Éxito absoluto en el I torneo futbiot por escuelas en la garrotxa

El sábado 11 de Junio del 2016 fue un día que quedará grabado en la memoria de muchos niños y voluntarios. Ese día nació FutBiot.

Eran las 6 de la mañana del Sábado, y ellos ya estaban en el campo, inspeccionando, preparando y controlando que todo estuviera en su sitio, que los campos estuvieran impecables y que no quedara nada al azar. El día anterior habían llegado a las 11 de la noche a su casa después de trabajar todo el día para que todo estuviera listo para el gran día.
Llevaban 2 meses preparándose para ello. 2 meses de trabajo duro, recorriendo todas y cada una de las escuelas de la comarca, presentando, defendiendo y viviendo su idea, su ilusión.
Y llegado el día, todo estaba preparado. Habían conseguido reunir a un equipo de 50 voluntarios preparados para salir al campo y dejarse el alma por Biot.
La jornada no podría haber salido mejor.

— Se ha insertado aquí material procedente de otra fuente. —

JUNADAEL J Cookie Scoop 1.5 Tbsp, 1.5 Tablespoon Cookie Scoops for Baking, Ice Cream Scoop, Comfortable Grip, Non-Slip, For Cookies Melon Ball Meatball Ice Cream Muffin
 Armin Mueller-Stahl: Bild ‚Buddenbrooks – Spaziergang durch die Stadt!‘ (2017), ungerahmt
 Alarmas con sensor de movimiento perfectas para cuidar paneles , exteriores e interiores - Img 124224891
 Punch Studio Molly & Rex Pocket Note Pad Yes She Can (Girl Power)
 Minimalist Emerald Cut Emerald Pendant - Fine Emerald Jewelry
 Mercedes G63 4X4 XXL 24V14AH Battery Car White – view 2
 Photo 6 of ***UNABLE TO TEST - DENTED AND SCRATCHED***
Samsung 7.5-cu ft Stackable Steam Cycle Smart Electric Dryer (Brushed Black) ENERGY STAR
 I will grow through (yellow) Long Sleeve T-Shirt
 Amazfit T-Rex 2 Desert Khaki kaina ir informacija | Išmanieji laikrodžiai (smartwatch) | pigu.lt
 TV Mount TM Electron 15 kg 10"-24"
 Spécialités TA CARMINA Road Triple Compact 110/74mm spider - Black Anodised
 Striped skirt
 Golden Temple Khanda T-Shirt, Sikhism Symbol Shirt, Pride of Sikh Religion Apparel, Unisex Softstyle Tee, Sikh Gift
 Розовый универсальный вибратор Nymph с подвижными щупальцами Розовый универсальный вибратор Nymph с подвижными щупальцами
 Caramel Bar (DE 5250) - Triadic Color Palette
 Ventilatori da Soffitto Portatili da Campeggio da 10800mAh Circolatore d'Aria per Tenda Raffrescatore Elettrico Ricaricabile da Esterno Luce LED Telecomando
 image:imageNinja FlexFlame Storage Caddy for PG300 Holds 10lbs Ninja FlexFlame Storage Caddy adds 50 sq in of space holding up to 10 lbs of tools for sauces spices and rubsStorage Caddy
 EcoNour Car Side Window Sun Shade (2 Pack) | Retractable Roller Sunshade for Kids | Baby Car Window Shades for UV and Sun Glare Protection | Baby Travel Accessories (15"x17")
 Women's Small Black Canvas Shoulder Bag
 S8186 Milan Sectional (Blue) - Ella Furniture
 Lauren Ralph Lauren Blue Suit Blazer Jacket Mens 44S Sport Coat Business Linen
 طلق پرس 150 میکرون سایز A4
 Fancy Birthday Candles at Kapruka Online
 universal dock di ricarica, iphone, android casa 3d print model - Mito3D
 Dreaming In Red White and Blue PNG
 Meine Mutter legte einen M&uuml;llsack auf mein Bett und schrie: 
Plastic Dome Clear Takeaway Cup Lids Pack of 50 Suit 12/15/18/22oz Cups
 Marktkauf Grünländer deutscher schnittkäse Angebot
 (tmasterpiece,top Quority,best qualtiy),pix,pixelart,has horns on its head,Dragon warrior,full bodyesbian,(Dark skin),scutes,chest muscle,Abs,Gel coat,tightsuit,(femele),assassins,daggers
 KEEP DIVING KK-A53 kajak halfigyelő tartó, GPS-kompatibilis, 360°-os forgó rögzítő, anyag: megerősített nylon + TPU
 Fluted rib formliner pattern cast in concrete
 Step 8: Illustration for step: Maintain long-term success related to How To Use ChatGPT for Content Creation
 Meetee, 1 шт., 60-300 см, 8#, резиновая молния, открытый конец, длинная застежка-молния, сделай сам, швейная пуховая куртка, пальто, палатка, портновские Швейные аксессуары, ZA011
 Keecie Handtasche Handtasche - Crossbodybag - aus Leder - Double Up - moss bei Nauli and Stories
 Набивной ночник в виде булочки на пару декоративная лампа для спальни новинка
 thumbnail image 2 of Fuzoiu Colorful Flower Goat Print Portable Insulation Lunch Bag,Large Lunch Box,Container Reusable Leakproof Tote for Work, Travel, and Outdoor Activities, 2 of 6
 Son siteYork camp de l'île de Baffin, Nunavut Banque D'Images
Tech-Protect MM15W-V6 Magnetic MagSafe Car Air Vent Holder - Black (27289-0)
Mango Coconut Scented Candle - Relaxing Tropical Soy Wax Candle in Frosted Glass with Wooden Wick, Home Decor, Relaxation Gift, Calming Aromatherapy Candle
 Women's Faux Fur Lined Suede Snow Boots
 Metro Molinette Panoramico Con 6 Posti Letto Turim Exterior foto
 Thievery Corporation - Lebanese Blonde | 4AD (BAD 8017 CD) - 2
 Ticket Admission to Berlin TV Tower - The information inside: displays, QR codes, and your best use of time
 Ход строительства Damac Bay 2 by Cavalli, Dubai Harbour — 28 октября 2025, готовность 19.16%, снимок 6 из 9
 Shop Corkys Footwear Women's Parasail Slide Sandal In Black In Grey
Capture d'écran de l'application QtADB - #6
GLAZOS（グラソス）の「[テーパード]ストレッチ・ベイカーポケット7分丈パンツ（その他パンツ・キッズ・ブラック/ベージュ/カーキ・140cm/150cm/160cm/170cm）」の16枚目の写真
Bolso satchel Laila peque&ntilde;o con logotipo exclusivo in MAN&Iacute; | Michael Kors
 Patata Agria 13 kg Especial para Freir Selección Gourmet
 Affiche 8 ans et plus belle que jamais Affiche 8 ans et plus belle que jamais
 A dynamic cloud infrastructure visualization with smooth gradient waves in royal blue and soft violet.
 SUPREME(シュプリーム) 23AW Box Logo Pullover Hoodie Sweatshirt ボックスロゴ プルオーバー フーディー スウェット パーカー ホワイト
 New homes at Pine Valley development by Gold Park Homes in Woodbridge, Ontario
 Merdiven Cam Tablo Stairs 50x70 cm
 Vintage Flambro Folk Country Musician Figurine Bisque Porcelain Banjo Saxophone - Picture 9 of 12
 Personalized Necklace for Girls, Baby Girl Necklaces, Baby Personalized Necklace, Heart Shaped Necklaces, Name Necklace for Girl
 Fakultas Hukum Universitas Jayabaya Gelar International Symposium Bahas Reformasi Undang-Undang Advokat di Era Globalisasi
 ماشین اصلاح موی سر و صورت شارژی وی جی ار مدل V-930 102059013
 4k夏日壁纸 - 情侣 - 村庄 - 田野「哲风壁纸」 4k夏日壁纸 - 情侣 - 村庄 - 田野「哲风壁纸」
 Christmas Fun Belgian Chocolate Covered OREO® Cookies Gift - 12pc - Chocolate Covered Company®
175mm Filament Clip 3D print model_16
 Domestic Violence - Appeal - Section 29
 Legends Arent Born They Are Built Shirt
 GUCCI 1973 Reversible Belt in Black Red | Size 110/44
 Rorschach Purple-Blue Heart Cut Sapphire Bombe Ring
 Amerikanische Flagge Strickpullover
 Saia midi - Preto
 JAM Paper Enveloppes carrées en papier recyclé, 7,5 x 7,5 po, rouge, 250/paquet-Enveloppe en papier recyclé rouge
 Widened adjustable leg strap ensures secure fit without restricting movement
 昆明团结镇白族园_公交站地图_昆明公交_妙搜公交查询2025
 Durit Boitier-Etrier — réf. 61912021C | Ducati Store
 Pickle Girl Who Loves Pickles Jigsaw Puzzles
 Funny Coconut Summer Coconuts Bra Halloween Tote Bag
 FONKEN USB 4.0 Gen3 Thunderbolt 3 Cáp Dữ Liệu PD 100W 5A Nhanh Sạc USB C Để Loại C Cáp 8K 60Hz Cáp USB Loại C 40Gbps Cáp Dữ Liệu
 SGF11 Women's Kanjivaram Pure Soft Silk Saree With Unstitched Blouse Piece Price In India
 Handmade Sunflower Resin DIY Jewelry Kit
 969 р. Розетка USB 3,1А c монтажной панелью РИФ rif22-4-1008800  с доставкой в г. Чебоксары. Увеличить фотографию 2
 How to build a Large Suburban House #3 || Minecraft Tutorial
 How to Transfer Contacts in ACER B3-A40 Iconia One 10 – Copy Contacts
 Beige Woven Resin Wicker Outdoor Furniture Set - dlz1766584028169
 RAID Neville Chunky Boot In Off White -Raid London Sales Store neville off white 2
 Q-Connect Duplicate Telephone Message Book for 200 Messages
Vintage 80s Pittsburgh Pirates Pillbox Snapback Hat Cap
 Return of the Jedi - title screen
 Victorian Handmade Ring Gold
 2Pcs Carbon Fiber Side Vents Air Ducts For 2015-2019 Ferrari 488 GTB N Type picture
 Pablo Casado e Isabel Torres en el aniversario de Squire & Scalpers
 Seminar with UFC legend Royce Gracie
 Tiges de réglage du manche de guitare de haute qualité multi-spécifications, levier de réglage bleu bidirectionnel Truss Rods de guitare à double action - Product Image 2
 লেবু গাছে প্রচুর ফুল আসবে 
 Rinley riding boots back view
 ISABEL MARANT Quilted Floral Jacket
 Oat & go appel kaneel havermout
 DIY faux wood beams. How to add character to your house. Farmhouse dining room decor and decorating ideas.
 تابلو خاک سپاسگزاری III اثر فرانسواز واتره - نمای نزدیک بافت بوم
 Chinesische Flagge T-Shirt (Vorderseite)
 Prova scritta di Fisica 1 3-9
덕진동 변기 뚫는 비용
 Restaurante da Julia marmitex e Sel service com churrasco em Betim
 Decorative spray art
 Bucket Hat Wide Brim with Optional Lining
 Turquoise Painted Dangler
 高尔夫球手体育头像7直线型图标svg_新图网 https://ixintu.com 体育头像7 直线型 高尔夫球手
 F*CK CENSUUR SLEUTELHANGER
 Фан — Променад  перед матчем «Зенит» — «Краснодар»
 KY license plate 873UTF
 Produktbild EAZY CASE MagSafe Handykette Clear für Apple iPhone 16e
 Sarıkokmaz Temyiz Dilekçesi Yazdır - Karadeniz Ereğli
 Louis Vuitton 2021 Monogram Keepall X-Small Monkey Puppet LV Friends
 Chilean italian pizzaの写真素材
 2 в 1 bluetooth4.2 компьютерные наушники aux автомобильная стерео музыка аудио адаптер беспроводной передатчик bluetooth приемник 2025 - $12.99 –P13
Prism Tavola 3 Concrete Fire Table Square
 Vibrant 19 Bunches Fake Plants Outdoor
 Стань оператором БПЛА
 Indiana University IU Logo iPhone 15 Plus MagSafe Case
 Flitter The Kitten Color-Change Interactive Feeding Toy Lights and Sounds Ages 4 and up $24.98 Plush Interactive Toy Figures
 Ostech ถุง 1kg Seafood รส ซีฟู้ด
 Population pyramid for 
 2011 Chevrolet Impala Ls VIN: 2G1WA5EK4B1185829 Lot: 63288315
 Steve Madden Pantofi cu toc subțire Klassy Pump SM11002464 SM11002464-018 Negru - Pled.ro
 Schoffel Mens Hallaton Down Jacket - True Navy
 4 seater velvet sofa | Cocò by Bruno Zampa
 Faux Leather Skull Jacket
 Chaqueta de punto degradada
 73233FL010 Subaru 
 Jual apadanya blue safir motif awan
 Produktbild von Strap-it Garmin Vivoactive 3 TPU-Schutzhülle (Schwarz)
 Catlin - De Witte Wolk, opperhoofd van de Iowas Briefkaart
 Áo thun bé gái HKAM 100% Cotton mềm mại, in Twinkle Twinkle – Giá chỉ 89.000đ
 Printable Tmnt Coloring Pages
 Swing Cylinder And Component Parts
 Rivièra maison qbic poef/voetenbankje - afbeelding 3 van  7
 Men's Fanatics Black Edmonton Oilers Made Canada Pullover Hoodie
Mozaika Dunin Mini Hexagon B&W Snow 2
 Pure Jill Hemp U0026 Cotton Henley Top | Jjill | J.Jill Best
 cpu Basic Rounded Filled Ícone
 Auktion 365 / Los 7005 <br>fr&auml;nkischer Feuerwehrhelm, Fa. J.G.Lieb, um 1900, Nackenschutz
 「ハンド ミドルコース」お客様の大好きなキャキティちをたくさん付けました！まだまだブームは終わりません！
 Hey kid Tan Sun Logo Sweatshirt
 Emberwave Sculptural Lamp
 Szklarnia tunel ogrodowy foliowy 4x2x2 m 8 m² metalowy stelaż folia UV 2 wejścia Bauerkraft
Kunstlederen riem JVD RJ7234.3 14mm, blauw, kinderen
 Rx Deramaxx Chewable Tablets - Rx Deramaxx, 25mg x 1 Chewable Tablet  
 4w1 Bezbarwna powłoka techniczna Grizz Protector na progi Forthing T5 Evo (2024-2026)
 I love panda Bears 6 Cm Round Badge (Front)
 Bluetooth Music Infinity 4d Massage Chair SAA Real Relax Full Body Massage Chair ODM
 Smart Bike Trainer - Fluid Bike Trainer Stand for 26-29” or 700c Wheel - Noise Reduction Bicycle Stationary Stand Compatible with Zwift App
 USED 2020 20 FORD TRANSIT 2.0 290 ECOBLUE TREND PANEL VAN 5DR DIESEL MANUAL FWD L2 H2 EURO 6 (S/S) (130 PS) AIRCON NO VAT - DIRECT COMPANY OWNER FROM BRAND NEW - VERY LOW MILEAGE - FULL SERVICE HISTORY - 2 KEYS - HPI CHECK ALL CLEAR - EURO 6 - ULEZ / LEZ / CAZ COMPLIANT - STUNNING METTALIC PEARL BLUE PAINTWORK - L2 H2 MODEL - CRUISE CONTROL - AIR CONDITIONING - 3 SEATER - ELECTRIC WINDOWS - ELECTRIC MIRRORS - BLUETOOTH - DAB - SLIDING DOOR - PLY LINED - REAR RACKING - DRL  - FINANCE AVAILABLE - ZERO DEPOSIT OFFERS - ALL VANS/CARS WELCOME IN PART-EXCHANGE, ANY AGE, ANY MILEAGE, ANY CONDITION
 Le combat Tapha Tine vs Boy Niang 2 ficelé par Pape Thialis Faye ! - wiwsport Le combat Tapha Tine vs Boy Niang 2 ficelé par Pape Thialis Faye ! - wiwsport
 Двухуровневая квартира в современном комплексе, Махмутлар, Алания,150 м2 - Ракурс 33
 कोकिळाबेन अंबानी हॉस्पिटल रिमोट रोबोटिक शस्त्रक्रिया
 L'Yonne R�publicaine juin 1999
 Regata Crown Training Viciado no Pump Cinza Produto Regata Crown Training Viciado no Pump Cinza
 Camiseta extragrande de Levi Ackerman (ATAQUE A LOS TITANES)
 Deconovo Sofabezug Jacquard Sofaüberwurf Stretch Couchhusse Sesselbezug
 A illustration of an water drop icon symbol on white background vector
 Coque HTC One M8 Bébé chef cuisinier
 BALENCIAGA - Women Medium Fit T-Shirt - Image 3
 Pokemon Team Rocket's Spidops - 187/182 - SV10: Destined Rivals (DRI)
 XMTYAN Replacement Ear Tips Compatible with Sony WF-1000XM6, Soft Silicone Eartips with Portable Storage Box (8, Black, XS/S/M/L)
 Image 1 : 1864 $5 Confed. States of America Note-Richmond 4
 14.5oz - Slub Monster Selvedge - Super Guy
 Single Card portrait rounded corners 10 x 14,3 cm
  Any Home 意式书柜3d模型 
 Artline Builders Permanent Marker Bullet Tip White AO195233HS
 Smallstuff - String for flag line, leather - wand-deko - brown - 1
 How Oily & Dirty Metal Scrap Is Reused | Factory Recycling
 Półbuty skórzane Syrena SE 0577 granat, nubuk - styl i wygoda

Los niños disfrutaron como aquello que son, los voluntarios parecían un engranaje de la misma máquina y los jugadores profesionales se lo pasaron en grande haciendo las delicias de los más pequeños.
Ojos llenos de ilusión, de cansancio, de satisfacción… Una vez terminado el torneo ellos dos se miraron, fundiéndose en un abrazo infinito silencioso que no decía nada pero que se entendía todo.
2 meses de trabajo sin descanso habían servido para tanto… Habían conseguido los objetivos que se habían marcado. El objetivo con el que había nacido FutBiot se había cumplido. Y no solo eso, sino que FutBiot había nacido para quedarse y ser la principal herramienta de concienciación de la fundación entre los niños y adolescentes.
Y mientras el sol se ponía y cerraba una jornada histórica, ellos seguían abrazados en el centro del campo, esperando que el pitido final les enviara a los vestuarios.
Un balón se atisbaba en el fondo de una de las redes del campo, pero no importaba, ese día el balón no había sido el protagonista. Había sido un espectador de lujo de lo vivido en los campos de la EFG. Y, mientras el sol se despedía, se limitaba a ver, desde la lejanía, como ellos se abrazaban en el centro.
El día dejó paso a la noche y solo quedaban las siluetas de 2 personas en el campo. El sol pitaba el final del partido, y entonces, Lluc y Toni emprendieron el camino de los vestuarios, abrazados.